* [What the exercise asks]: From the entries below, return exactly the lines beginning at the one that contains "Problem: shooting through" and ending at the one that contains "Hey guys, it's", both of them included, and only those lines.

* [Source data]:
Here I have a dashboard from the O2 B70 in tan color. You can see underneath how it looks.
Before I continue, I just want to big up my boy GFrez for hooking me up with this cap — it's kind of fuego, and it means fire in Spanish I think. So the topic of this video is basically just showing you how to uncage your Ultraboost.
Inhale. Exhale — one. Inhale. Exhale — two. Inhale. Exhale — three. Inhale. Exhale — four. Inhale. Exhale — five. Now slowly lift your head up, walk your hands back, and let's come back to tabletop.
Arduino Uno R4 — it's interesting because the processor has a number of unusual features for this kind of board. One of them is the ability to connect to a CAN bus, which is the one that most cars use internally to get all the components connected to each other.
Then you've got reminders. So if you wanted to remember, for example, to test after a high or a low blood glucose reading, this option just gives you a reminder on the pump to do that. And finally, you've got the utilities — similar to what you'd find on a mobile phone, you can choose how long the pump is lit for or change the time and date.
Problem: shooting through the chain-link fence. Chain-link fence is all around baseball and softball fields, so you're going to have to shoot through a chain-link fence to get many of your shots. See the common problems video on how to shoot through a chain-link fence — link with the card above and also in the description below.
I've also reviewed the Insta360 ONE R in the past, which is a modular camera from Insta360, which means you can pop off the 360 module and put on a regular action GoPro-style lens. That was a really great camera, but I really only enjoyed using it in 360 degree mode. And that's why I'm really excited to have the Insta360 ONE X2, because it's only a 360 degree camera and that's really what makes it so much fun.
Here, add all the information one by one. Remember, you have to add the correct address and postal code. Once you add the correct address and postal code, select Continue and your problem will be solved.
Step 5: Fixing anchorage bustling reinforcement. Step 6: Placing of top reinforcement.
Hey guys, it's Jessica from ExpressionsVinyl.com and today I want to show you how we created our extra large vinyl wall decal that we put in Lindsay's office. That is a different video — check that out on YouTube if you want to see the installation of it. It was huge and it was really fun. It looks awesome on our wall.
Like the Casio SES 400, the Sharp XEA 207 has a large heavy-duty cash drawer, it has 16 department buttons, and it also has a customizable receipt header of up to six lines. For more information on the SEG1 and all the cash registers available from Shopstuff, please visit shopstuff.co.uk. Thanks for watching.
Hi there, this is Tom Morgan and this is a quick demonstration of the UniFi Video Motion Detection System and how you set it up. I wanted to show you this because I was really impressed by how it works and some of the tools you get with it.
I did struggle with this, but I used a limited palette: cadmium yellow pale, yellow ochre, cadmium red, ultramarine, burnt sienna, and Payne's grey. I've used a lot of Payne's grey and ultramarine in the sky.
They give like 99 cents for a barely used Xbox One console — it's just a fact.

* [Worked solution]:
Problem: shooting through the chain-link fence. Chain-link fence is all around baseball and softball fields, so you're going to have to shoot through a chain-link fence to get many of your shots. See the common problems video on how to shoot through a chain-link fence — link with the card above and also in the description below.
I've also reviewed the Insta360 ONE R in the past, which is a modular camera from Insta360, which means you can pop off the 360 module and put on a regular action GoPro-style lens. That was a really great camera, but I really only enjoyed using it in 360 degree mode. And that's why I'm really excited to have the Insta360 ONE X2, because it's only a 360 degree camera and that's really what makes it so much fun.
Here, add all the information one by one. Remember, you have to add the correct address and postal code. Once you add the correct address and postal code, select Continue and your problem will be solved.
Step 5: Fixing anchorage bustling reinforcement. Step 6: Placing of top reinforcement.
Hey guys, it's Jessica from ExpressionsVinyl.com and today I want to show you how we created our extra large vinyl wall decal that we put in Lindsay's office. That is a different video — check that out on YouTube if you want to see the installation of it. It was huge and it was really fun. It looks awesome on our wall.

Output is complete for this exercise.